In the data that follows, each entry is to be restated exactly.

### EXTRACTED RECORDS

■ ■ ■ ■ ■ ■ ■

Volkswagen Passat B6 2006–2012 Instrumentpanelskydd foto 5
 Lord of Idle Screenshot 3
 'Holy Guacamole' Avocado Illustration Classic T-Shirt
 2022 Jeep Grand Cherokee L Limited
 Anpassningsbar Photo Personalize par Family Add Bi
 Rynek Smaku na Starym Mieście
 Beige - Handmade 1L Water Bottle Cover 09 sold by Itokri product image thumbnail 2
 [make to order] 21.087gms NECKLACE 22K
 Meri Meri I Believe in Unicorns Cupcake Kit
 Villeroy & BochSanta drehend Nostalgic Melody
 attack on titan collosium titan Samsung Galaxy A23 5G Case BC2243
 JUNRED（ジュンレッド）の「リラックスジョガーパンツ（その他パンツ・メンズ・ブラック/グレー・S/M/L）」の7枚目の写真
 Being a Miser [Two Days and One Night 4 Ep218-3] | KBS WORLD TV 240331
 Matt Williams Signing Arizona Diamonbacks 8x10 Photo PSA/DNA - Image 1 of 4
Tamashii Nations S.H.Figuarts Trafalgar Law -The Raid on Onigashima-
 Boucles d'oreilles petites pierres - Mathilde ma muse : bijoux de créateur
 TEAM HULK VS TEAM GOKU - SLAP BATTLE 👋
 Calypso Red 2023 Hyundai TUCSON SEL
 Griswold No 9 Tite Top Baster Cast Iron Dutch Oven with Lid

■ ■ ■ ■ ■ ■ ■

### SOLUTION TO THIS TASK
Volkswagen Passat B6 2006–2012 Instrumentpanelskydd foto 5
 Lord of Idle Screenshot 3
 'Holy Guacamole' Avocado Illustration Classic T-Shirt
 2022 Jeep Grand Cherokee L Limited
 Anpassningsbar Photo Personalize par Family Add Bi
 Rynek Smaku na Starym Mieście
 Beige - Handmade 1L Water Bottle Cover 09 sold by Itokri product image thumbnail 2
 [make to order] 21.087gms NECKLACE 22K
 Meri Meri I Believe in Unicorns Cupcake Kit
 Villeroy & BochSanta drehend Nostalgic Melody
 attack on titan collosium titan Samsung Galaxy A23 5G Case BC2243
 JUNRED（ジュンレッド）の「リラックスジョガーパンツ（その他パンツ・メンズ・ブラック/グレー・S/M/L）」の7枚目の写真
 Being a Miser [Two Days and One Night 4 Ep218-3] | KBS WORLD TV 240331
 Matt Williams Signing Arizona Diamonbacks 8x10 Photo PSA/DNA - Image 1 of 4
Tamashii Nations S.H.Figuarts Trafalgar Law -The Raid on Onigashima-
 Boucles d'oreilles petites pierres - Mathilde ma muse : bijoux de créateur
 TEAM HULK VS TEAM GOKU - SLAP BATTLE 👋
 Calypso Red 2023 Hyundai TUCSON SEL
 Griswold No 9 Tite Top Baster Cast Iron Dutch Oven with Lid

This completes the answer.